Re: Introduce XID age and inactive timeout based replication slot invalidation

From: Nathan Bossart <nathandbossart(at)gmail(dot)com>
To: Amit Kapila <amit(dot)kapila16(at)gmail(dot)com>
Cc: "Zhijie Hou (Fujitsu)" <houzj(dot)fnst(at)fujitsu(dot)com>, Álvaro Herrera <alvherre(at)alvh(dot)no-ip(dot)org>, Nisha Moond <nisha(dot)moond412(at)gmail(dot)com>, Peter Smith <smithpb2250(at)gmail(dot)com>, vignesh C <vignesh21(at)gmail(dot)com>, Shlok Kyal <shlok(dot)kyal(dot)oss(at)gmail(dot)com>, "Hayato Kuroda (Fujitsu)" <kuroda(dot)hayato(at)fujitsu(dot)com>, shveta malik <shveta(dot)malik(at)gmail(dot)com>, Bharath Rupireddy <bharath(dot)rupireddyforpostgres(at)gmail(dot)com>, Ajin Cherian <itsajin(at)gmail(dot)com>, Bertrand Drouvot <bertranddrouvot(dot)pg(at)gmail(dot)com>, Masahiko Sawada <sawada(dot)mshk(at)gmail(dot)com>, PostgreSQL Hackers <pgsql-hackers(at)lists(dot)postgresql(dot)org>
Subject: Re: Introduce XID age and inactive timeout based replication slot invalidation
Date: 2025-02-17 16:48:49
Message-ID: Z7NocSKY8FHa8zhT@nathan
Views: Raw Message | Whole Thread | Download mbox | Resend email
Thread:
Lists: pgsql-hackers

On Mon, Feb 17, 2025 at 07:57:22AM +0530, Amit Kapila wrote:
> On Wed, Feb 12, 2025 at 1:16 PM Zhijie Hou (Fujitsu)
> <houzj(dot)fnst(at)fujitsu(dot)com> wrote:
>> On Wednesday, February 12, 2025 11:56 AM Amit Kapila <amit(dot)kapila16(at)gmail(dot)com> wrote:
>> > Also, we previously didn't have a good experience with XID-based threshold
>> > parameters like vacuum_defer_cleanup_age as mentioned by Robert (1).
>> > AFAICU from the previous discussion we need a time-based parameter and we
>> > didn't rule out xid_age based parameter as another parameter.

I am not sure I buy the comparison with vacuum_defer_cleanup_age.
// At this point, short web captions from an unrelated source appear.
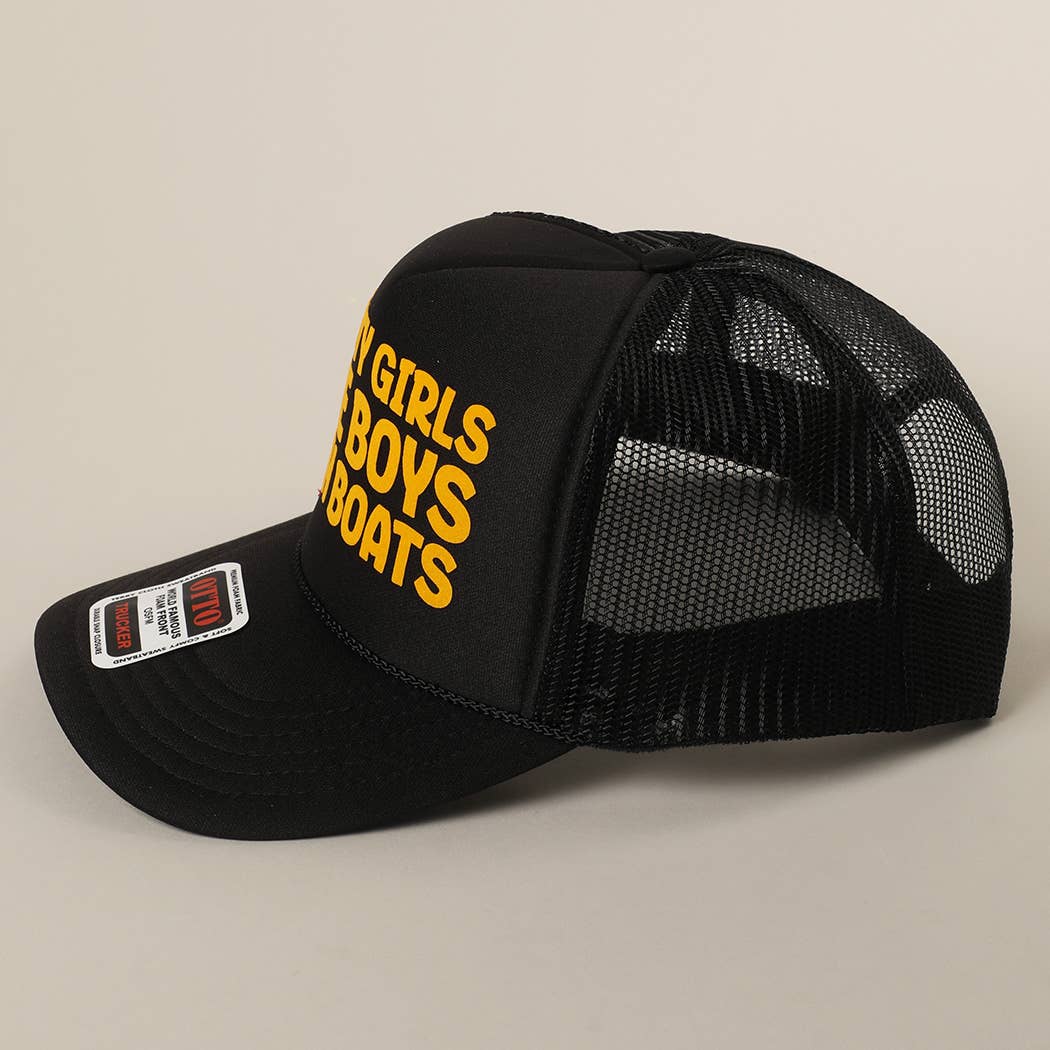 Fashion City - Pretty Girls Love Boys With Boats Text Print Mesh Back Cap: Pink / ONE SIZE - Image 15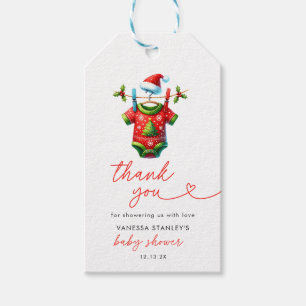 Red Christmas Santa Baby Dusche Vielen Dank Geschenkanhänger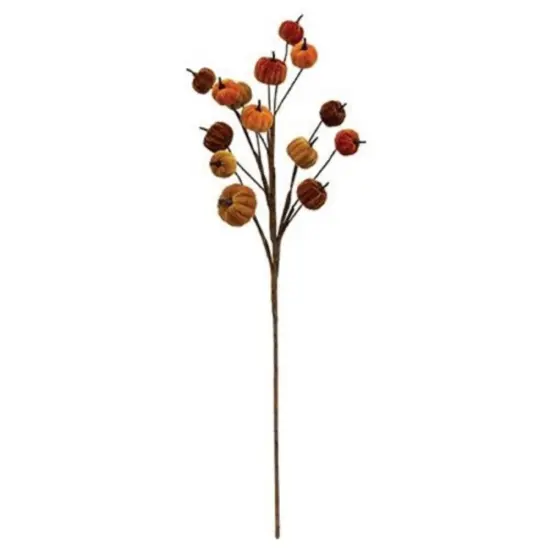 Multi-Color Velvet Pumpkin Pick for Fall Decor with Flexible Stem {1}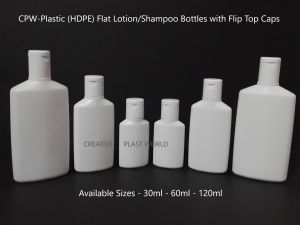 Plastic HDPE Flat Lotion Bottles with Flip Top Cap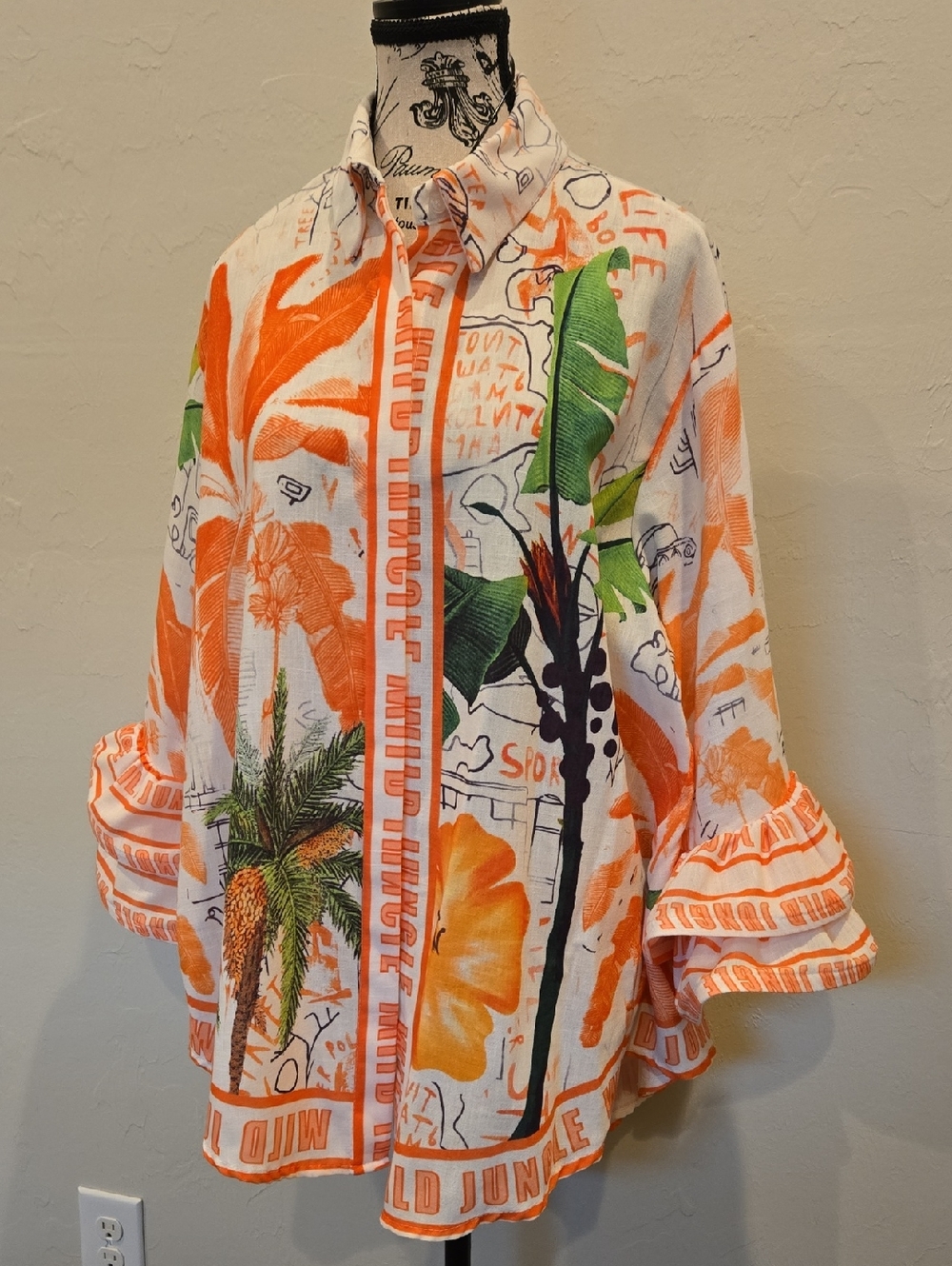 Tropical Jungle Printed Button-Up Hi Low Tucan Birds Tunic/Cover Up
That is
a very different feature than max_slot_xid_age, and we still have a number
of XID-based parameters (vacuum_freeze_table_age, vacuum_freeze_min_age,
vacuum_failsafe_age, the multixact versions of those parameters, and the
autovacuum versions).

>> Yeah, I think the primary purpose of this time-based option is to invalidate dormant
>> replication slots that have been inactive for a long period, in which case the
>> slots are no longer useful.
>>
>> Such slots can remain if a subscriber is down due to a system error or
>> inaccessible because of network issues. If this situation persists, it might be
>> more practical to recreate the subscriber rather than attempt to recover the
>> node and wait for it to catch up, which could be time-consuming.
>>
>> Parameters like max_slot_wal_keep_size and max_slot_xid_id_age do not
>> differentiate between active and inactive replication slots. Some customers I
>> met are hesitant about using these settings, as they can sometimes invalidate
>> a slot unnecessarily and break the replication.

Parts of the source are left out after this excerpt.